Task objective: Give again, word for word, the lines below that run from the line with "In this video, we" through the line with "Going forward, pressing". Drop the pictures.
====================
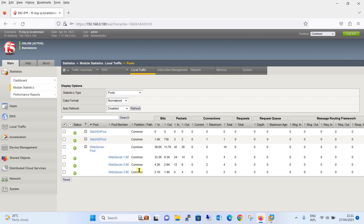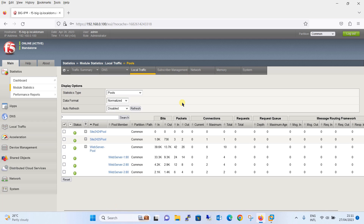That's all — we have covered almost all the load balancing methods, configured each one, and checked the output after initiating connections from the client machine. In the next tutorial we will be discussing server device health monitoring and configuring it on the F5 Big-IP load balancer. If you haven't subscribed to my YouTube channel yet, please subscribe now and share it with your friends. Thanks for watching — see you in the next tutorial.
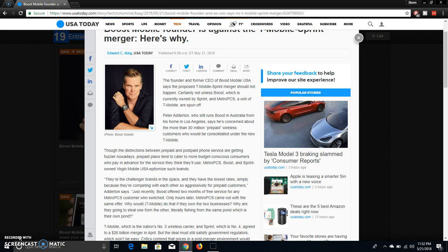That's interesting there. Peter Aderon, who still runs Boost in Australia from his home in Los Angeles, says he's concerned about the more than 30 million prepaid wireless customers that would be consolidated under the new T-Mobile.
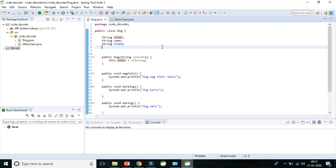Hi guys, welcome to Code Decode. In the previous video I covered how to create a class or an object from a real-world entity and how to create an object of that class using the constructor — the default constructor and the parameterized constructor. If you haven't seen those videos, please find the links in the description below. Today we will be covering instance variables.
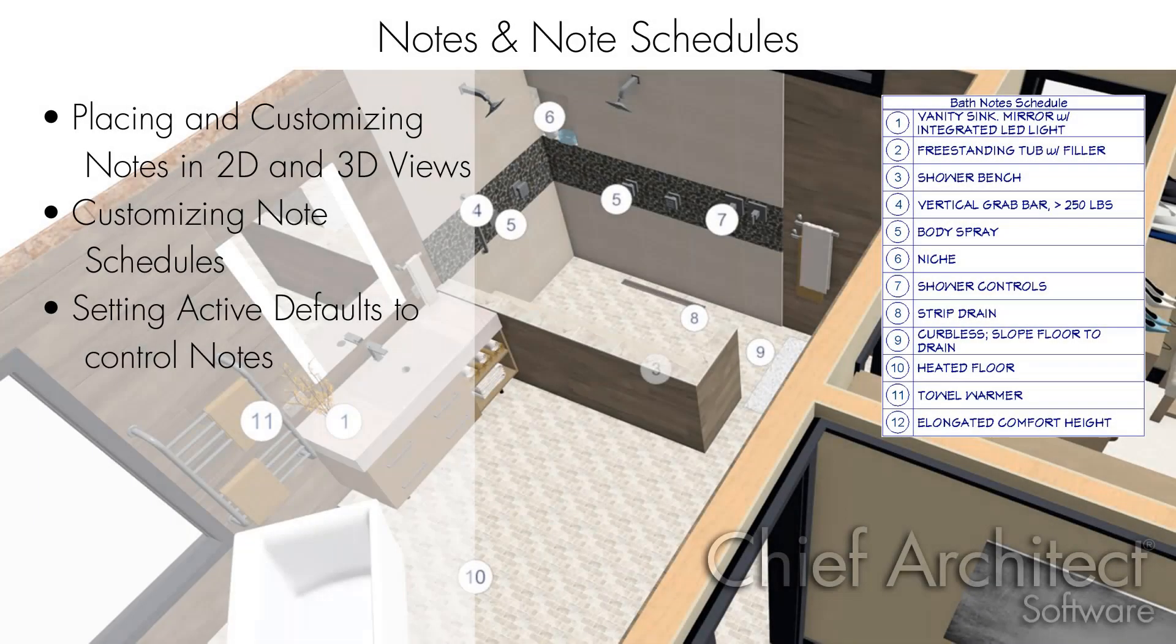In this video, we will be learning how to use and customize notes and note schedules within Chief Architect.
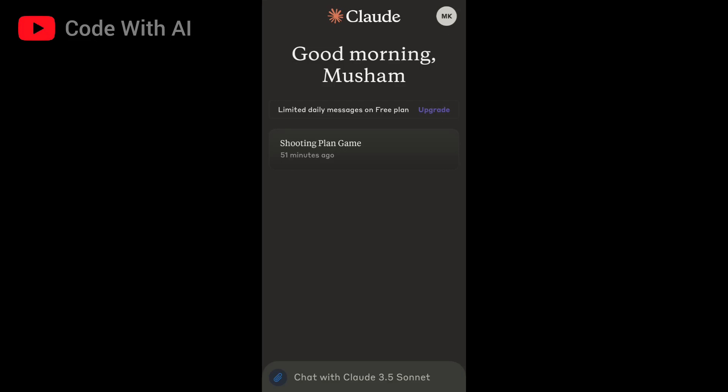Hey guys, welcome back to Code with AI. This morning I opened my Twitter and saw an exciting post from the official Anthropic account. They've announced a new feature, Claude Artifacts, now available for all Claude users.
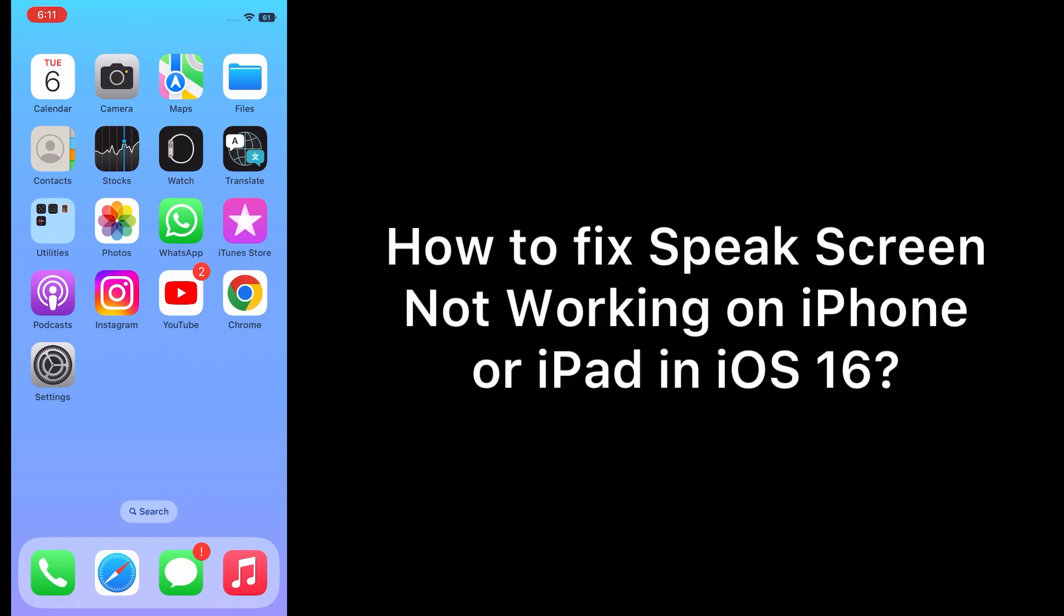Assalamu alaikum, hello everyone, welcome back to the channel. Today in this video I am going to teach you how to fix Speak Screen not working on iPhone or iPad in iOS 16.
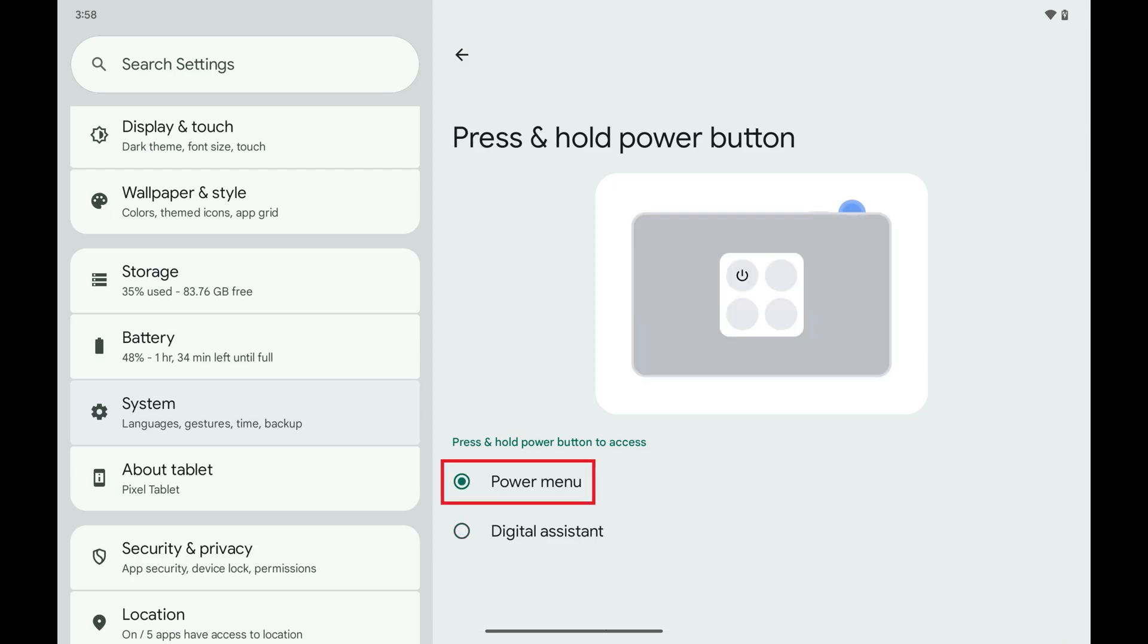Going forward, pressing and holding the Power button on your Android device will no longer launch the Digital Assistant, but it will open the Power Menu.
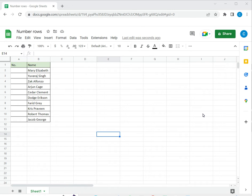Welcome to another Spreadcheaters video guide. You can find written instructions for these steps on the Spreadcheaters website. In this video we're going to see how to number rows in Google Sheets.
====================
Answer to the problem:
In this video, we will be learning how to use and customize notes and note schedules within Chief Architect.
Hey guys, welcome back to Code with AI. This morning I opened my Twitter and saw an exciting post from the official Anthropic account. They've announced a new feature, Claude Artifacts, now available for all Claude users.
Assalamu alaikum, hello everyone, welcome back to the channel. Today in this video I am going to teach you how to fix Speak Screen not working on iPhone or iPad in iOS 16.
Going forward, pressing and holding the Power button on your Android device will no longer launch the Digital Assistant, but it will open the Power Menu.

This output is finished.